TASK INPUT:
☆ ☆ ☆

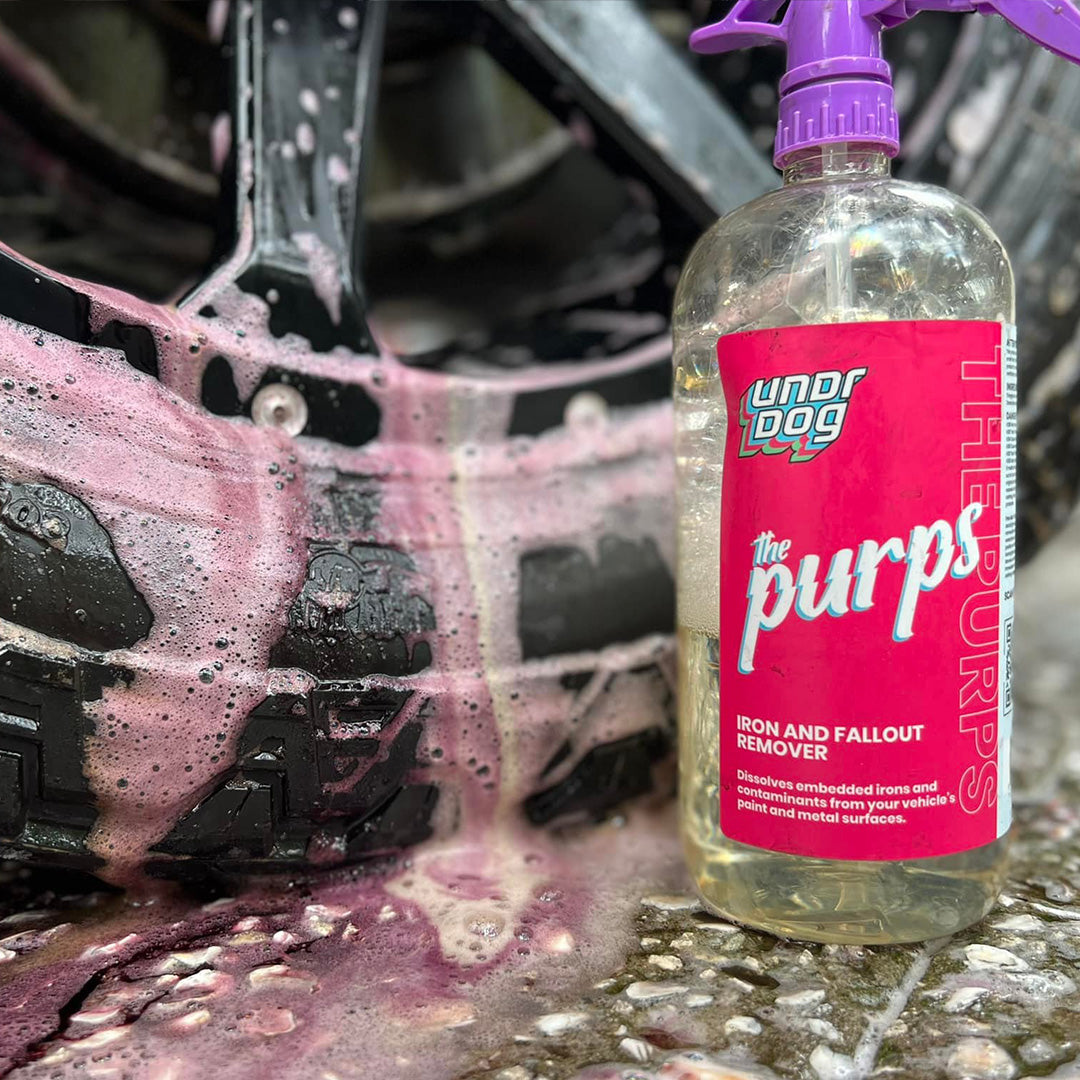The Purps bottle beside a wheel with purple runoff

☆ ☆ ☆

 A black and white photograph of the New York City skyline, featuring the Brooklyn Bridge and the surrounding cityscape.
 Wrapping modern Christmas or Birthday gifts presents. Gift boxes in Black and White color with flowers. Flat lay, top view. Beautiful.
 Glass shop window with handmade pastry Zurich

☆ ☆ ☆

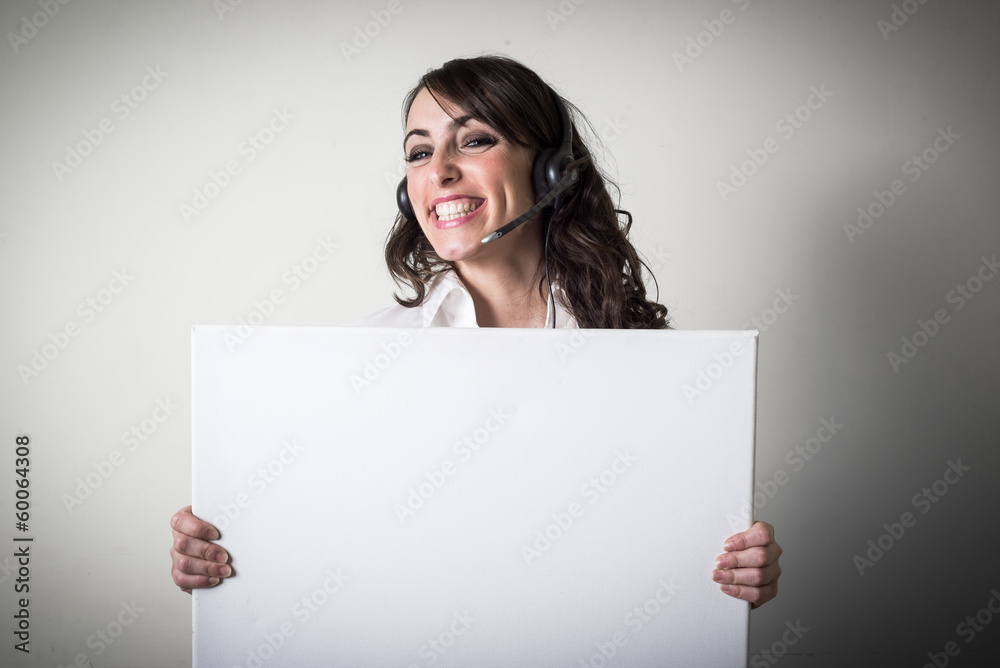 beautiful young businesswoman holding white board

☆ ☆ ☆

EXERCISE OBJECTIVE: Please give an exact copy of the lines above, beginning with the line containing "Wrapping modern Christmas" and running through the line containing "Glass shop window", and of no other lines.

RESPONSE TO THIS EXERCISE:
 Wrapping modern Christmas or Birthday gifts presents. Gift boxes in Black and White color with flowers. Flat lay, top view. Beautiful.
 Glass shop window with handmade pastry Zurich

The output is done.